Ensuring experimental reproducibility with Torpedo californica SITS-binding protein requires implementation of rigorous quality control at multiple levels:

• Protein preparation quality control is foundational. For recombinant production, the expression and purification protocol should include defined acceptance criteria for purity (typically >95% by SDS-PAGE), identity (confirmed by mass spectrometry), and functional activity (using standardized binding or activity assays). Commercial sources specify that the recombinant protein should be produced in E. coli and may include a His-tag for purification purposes .

• Storage and handling protocols must be strictly standardized. The protein should be maintained in Tris-based buffer with 50% glycerol at -20°C for routine storage or -80°C for extended periods . Repeated freeze-thaw cycles must be avoided, and working aliquots should not be kept at 4°C for more than one week . These specifications are critical as protein stability directly impacts experimental outcomes.

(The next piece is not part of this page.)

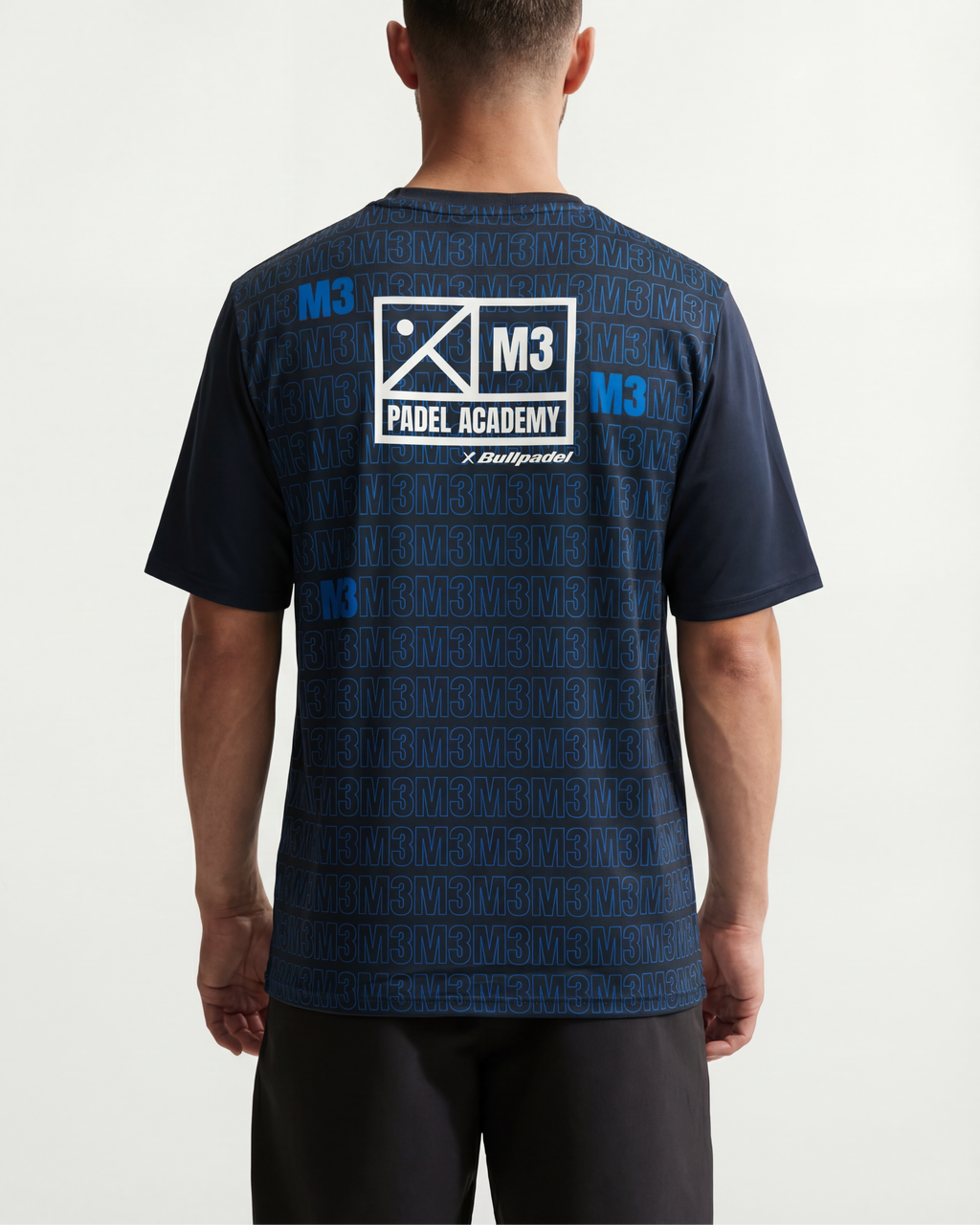 Camiseta de Pádel Hombre M3 x Bullpadel Azul Marino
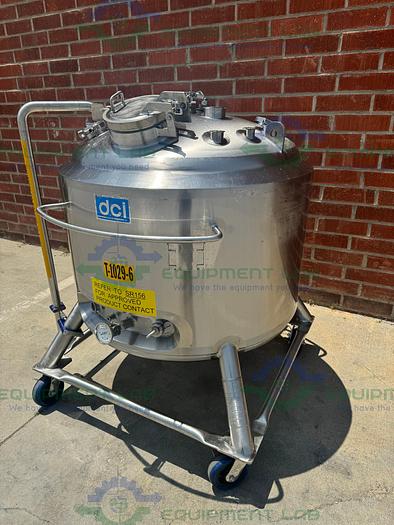 Used DCI 400 Liter Stainless Steel Jacketed Reactor Mixing Tank  45 PSI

• Experimental design should incorporate appropriate controls and standards:

  Control Type	Purpose	Implementation
  Positive control	Confirms assay functionality	Known binding partner or activity
  Negative control	Establishes specificity	Heat-denatured protein or non-binding mutant
  Internal standard	Normalizes batch variations	Reference compound with established response
  System suitability	Verifies instrument performance	Standard calibration run before experiments

• Data analysis workflows must be standardized and documented. This includes pre-established criteria for data inclusion/exclusion, standardized fitting procedures for binding data, and statistical methods appropriate for the experimental design. Whenever possible, automated analysis pipelines should be employed to minimize subjective interpretations.

Implementation of these quality control measures significantly enhances experimental reproducibility and facilitates meaningful comparison of results across different studies involving the SITS-binding protein.

What are the key considerations when planning structural studies of the SITS-binding protein?

Planning structural studies of Torpedo californica SITS-binding protein requires careful consideration of several methodological aspects to obtain reliable and interpretable results:

By addressing these considerations in structural study design, researchers can obtain more reliable and functionally relevant structural information about the SITS-binding protein.